#### EXTRACTED INFORMATION ####
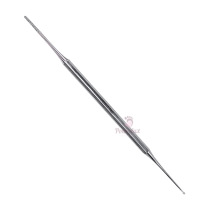 Excavateur cuillère / Lime de coin 15 cm Acier inoxydable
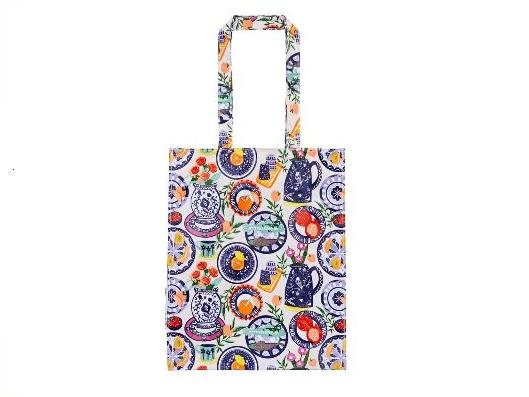Ulster Weaver's Mediterranean Plates PVC Medium Bag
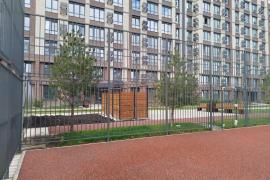 Двухкомнатная к-ра с большой комнатой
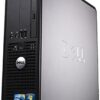 WiFi enabled Complete set of Dell OptiPlex Dual Core 4GB RAM, 160 GB Hard Drive, Windows 10 Desktop PC - Image 3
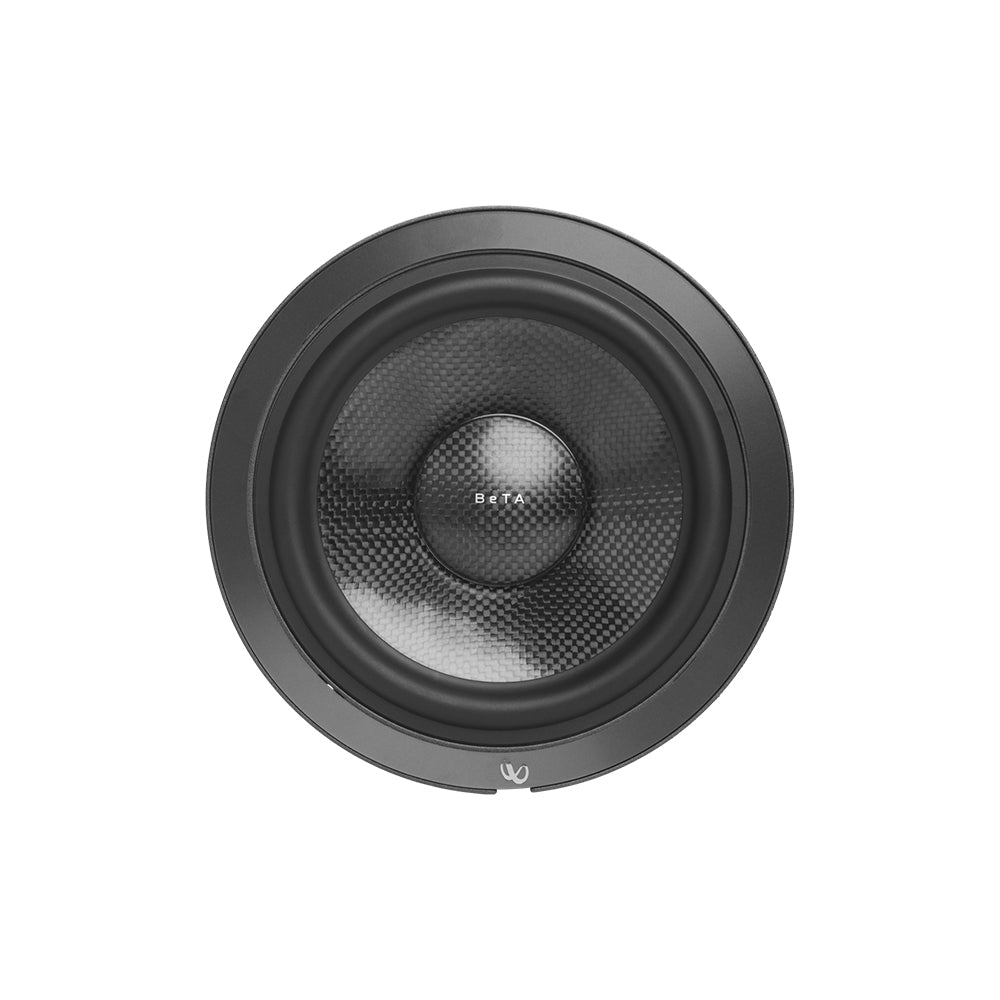 Infinity BETABE621, KAPPA Perfect Series 6 1/2" Component Speakers System w/ Beryllium Tweeter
####
▶ [WORK INSTRUCTION]:
Transcribe the full listing above exactly, with the images removed.

▶ [ANSWER SPACE]:
 Excavateur cuillère / Lime de coin 15 cm Acier inoxydable
Ulster Weaver's Mediterranean Plates PVC Medium Bag
 Двухкомнатная к-ра с большой комнатой
 WiFi enabled Complete set of Dell OptiPlex Dual Core 4GB RAM, 160 GB Hard Drive, Windows 10 Desktop PC - Image 3
 Infinity BETABE621, KAPPA Perfect Series 6 1/2" Component Speakers System w/ Beryllium Tweeter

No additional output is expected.